EXERCISE DESCRIPTION: With every picture left out, restate the listing below exactly as written.

PROVIDED MATERIAL:

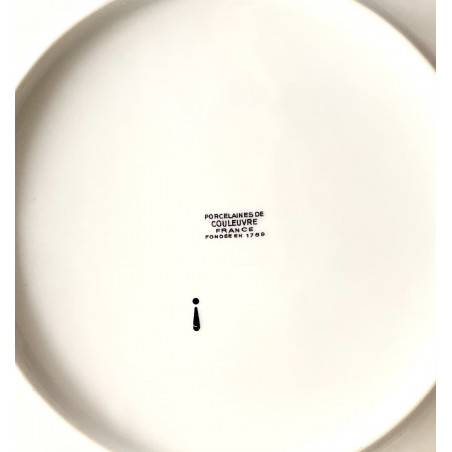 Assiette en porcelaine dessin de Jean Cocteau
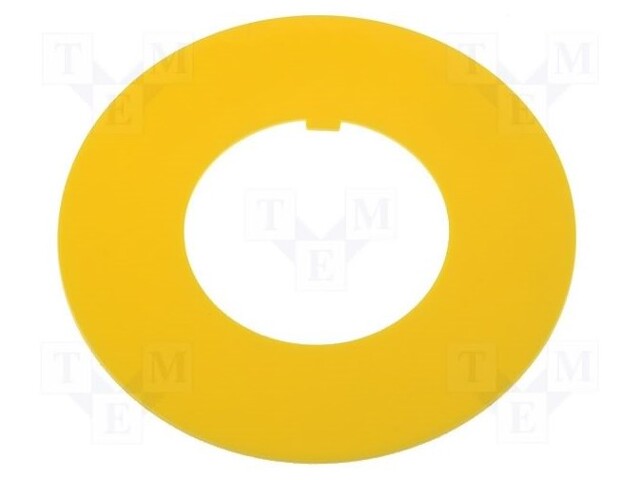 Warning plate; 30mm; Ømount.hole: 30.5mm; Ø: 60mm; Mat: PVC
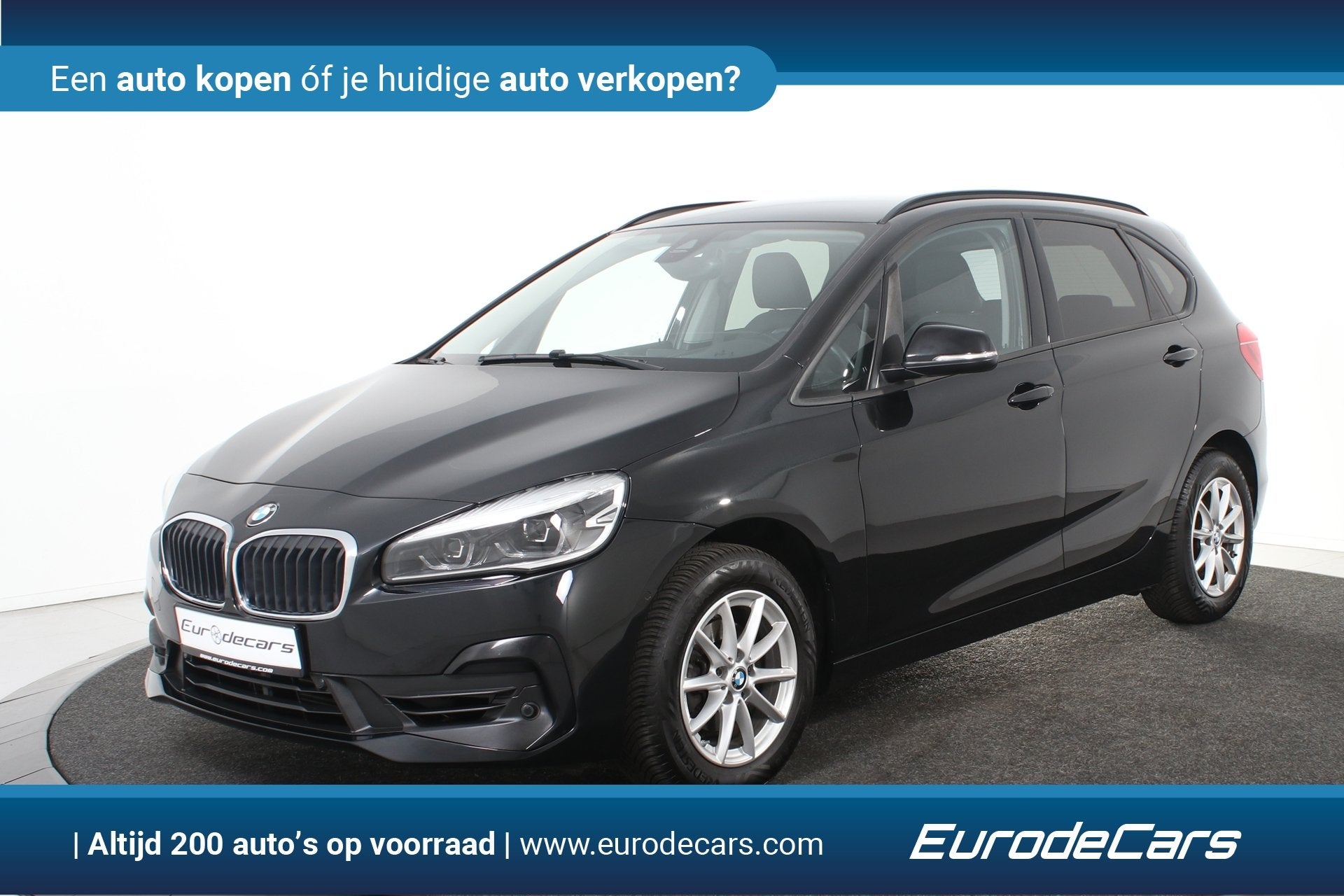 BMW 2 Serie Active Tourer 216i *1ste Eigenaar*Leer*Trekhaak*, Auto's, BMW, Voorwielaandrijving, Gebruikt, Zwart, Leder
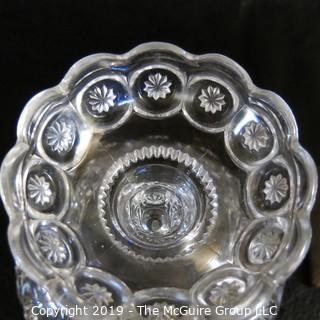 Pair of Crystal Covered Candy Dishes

TASK OUTPUT:
 Assiette en porcelaine dessin de Jean Cocteau
 Warning plate; 30mm; Ømount.hole: 30.5mm; Ø: 60mm; Mat: PVC
 BMW 2 Serie Active Tourer 216i *1ste Eigenaar*Leer*Trekhaak*, Auto's, BMW, Voorwielaandrijving, Gebruikt, Zwart, Leder
 Pair of Crystal Covered Candy Dishes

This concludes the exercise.